A manhã desta sexta-feira (14) foi marcada por protestos na entrada oficial da COP30, após lideranças indígenas bloquearem o acesso de delegações, voluntários, funcionários e também da imprensa. Apesar de pacífica, a manifestação impediu a entrada de credenciados e provocou atrasos na programação do evento.

A diretora de conteúdo do Canal Rural, Jaqueline Silva, que tentava acessar o espaço no momento do bloqueio, relatou as dificuldades. Ela e o diretor do Canal Rural Sul, Giovani Ferreira, precisaram utilizar uma segunda entrada aberta emergencialmente pela organização, já que o acesso principal só foi liberado por volta das 9h50, após o presidente da COP30, André Corrêa do Lago, sair para conversar diretamente com os manifestantes.

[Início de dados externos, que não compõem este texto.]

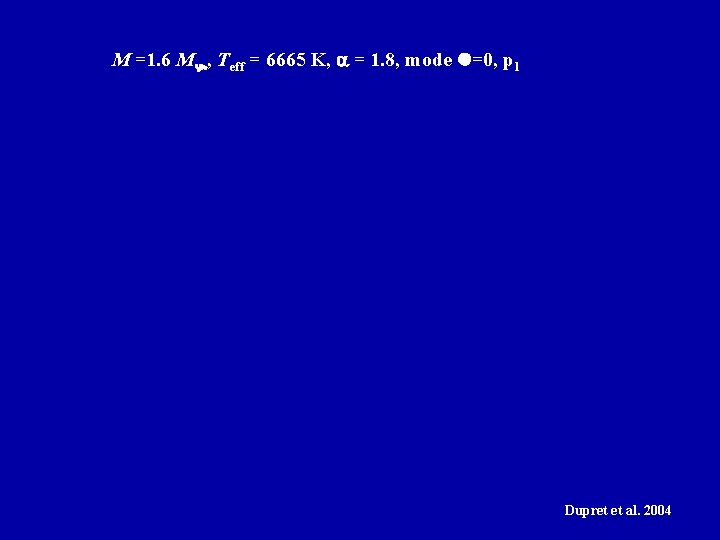 M =1. 6 M , Teff = 6665 K, = 1. 8, mode =0,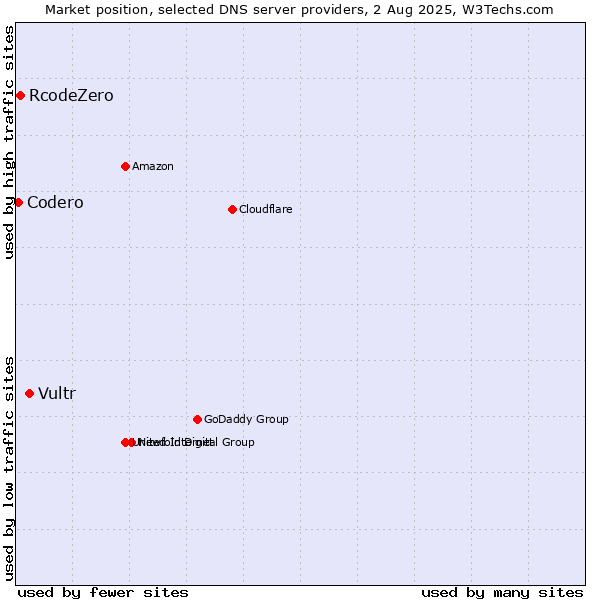 Market position of Vultr vs. RcodeZero vs. Codero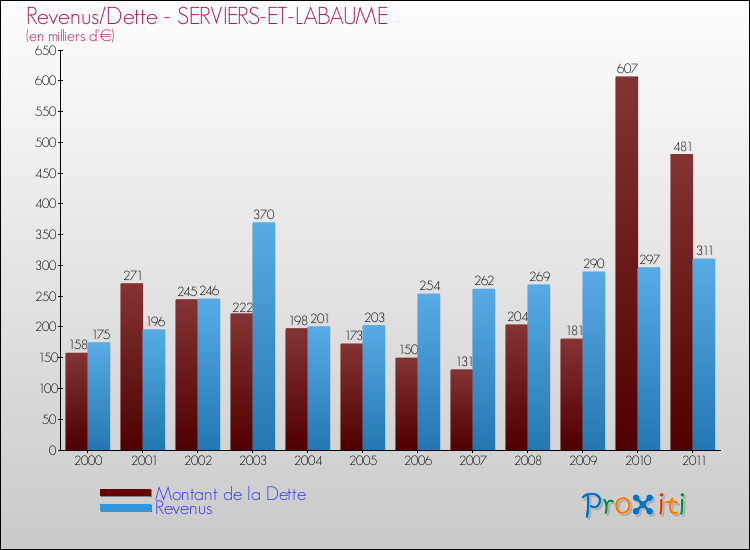 Evolution comparée de la dette et des revenus pour la commune de SERVIERS-ET-LABAUME de 2000 à 2011 Comparaison de la dette et des revenus pour SERVIERS-ET-LABAUME de 2000 à 2011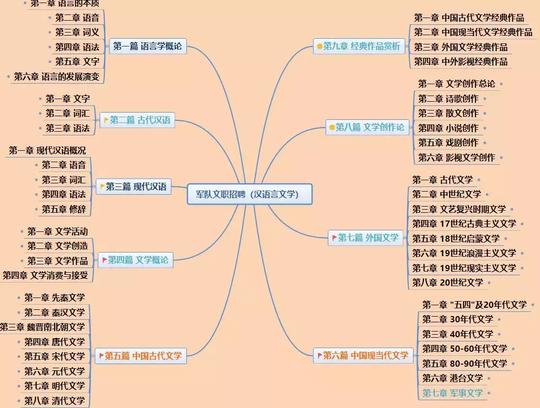 军队文职：经过2018年试水，2019年汉语言文学这样备考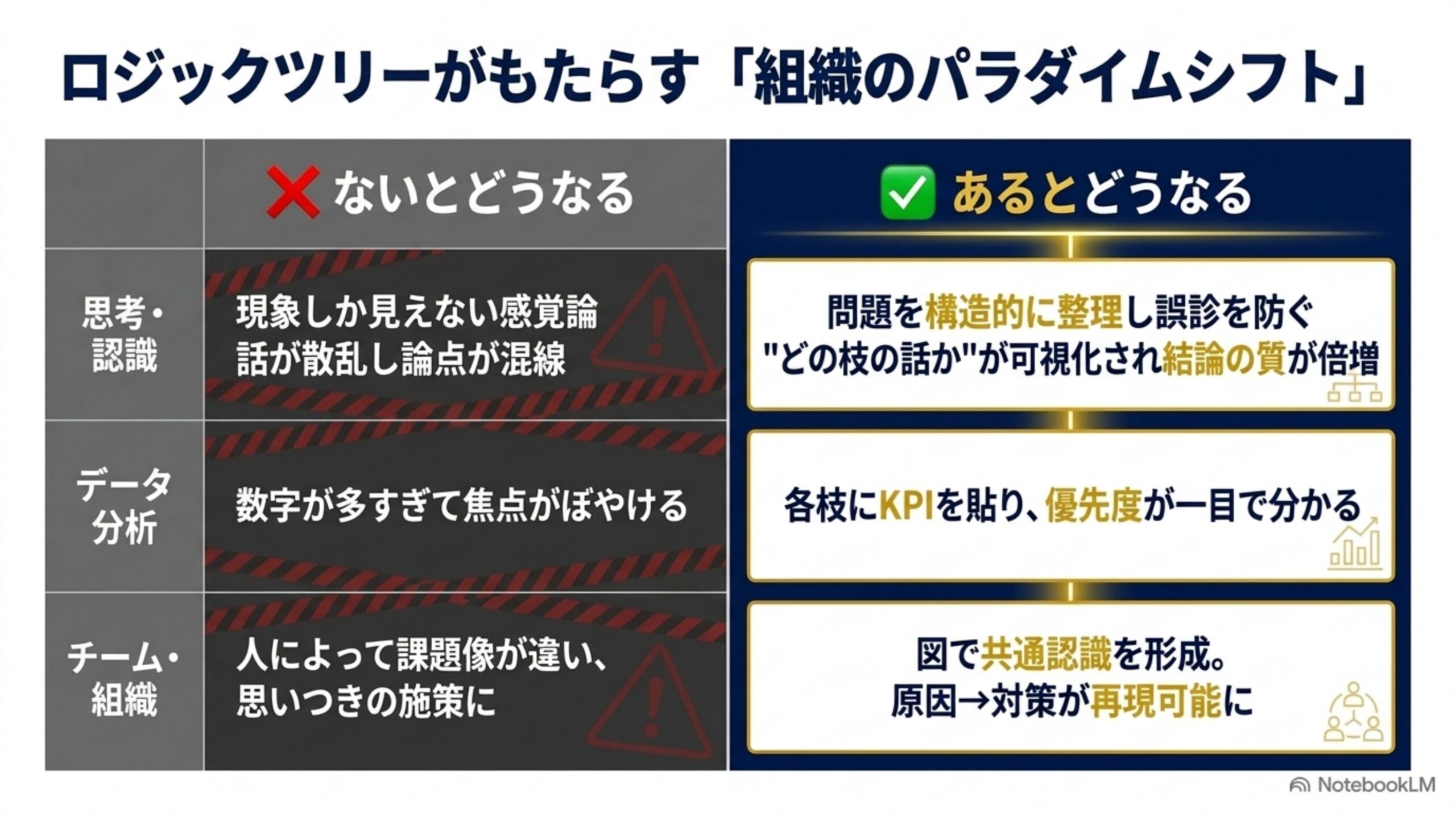 ロジックツリーによる思考・データ分析・チーム組織のパラダイムシフト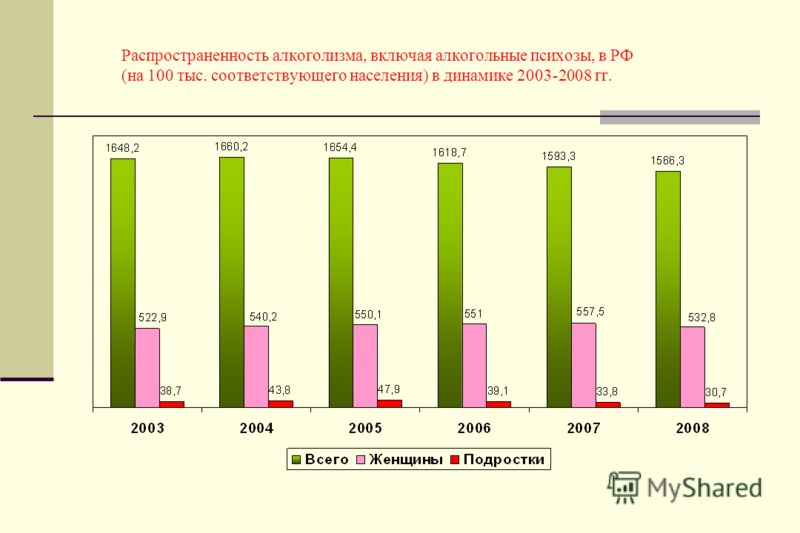 Доклад: Эпидемиология алкоголизма в России на современном этапе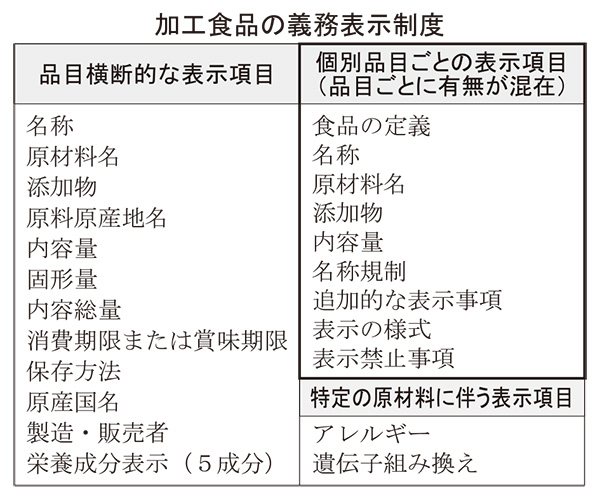 消費者庁、個別表示見直し着手　調理冷食の個表廃止へ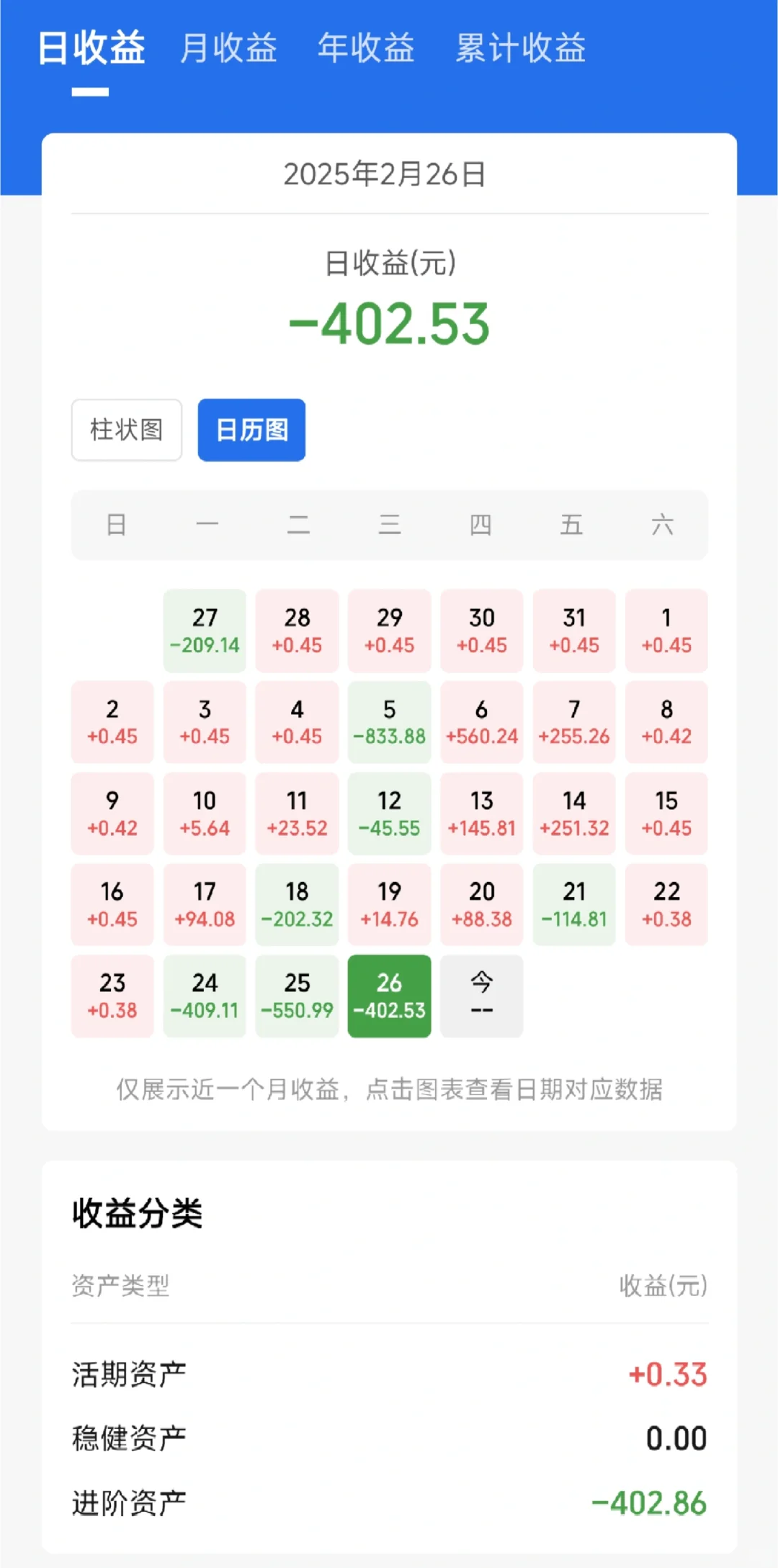 白酒终于有起色了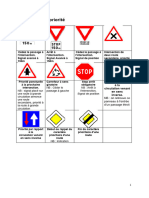 Panneaux de La Priorité Et de Passage À Niveau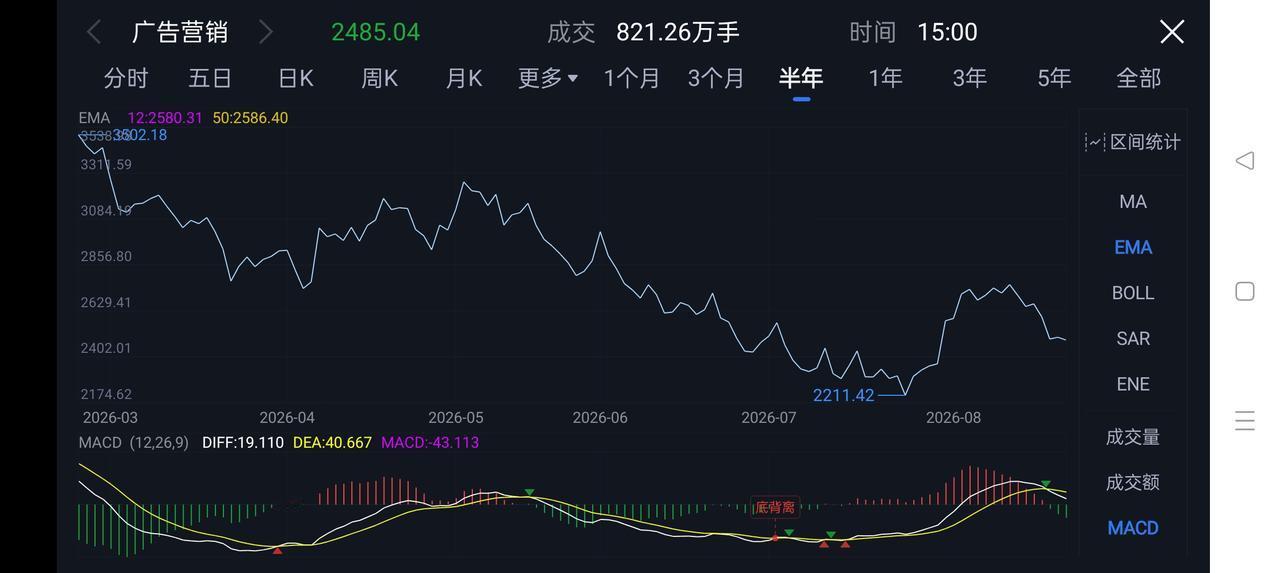 下周思路｜三大板块静待标的走出强势行情
[烟花][烟花][烟花][烟花]
梳理下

Segundo Jaqueline, a alternativa criada para a entrada das equipes foi montada com segurança reforçada. “Tinha muito exército e policiamento no entorno. Todos foram revistados e precisaram mostrar bolsas e credenciais”, afirmou.

Desafios operacionais

De acordo com Ferreira, manifestações desse tipo são comuns e se repetem em praticamente todas as edições da COP. “Em todas as COPs, o ativismo está presente. Isso acaba, de certa forma atrapalhando, atrasando, limitando e dificultando o acesso da sociedade civil, assim como dos negociadores aos locais da COP”, conta.

O diretor também destaca que desafios operacionais costumam marcar grandes conferências climáticas. Ele citou exemplos de edições anteriores, como Glasgow (2021), quando mais de 40 mil participantes precisavam realizar testes diários de Covid-19, e Sharm el-Sheikh (2022), que enfrentou falta d’água nas instalações.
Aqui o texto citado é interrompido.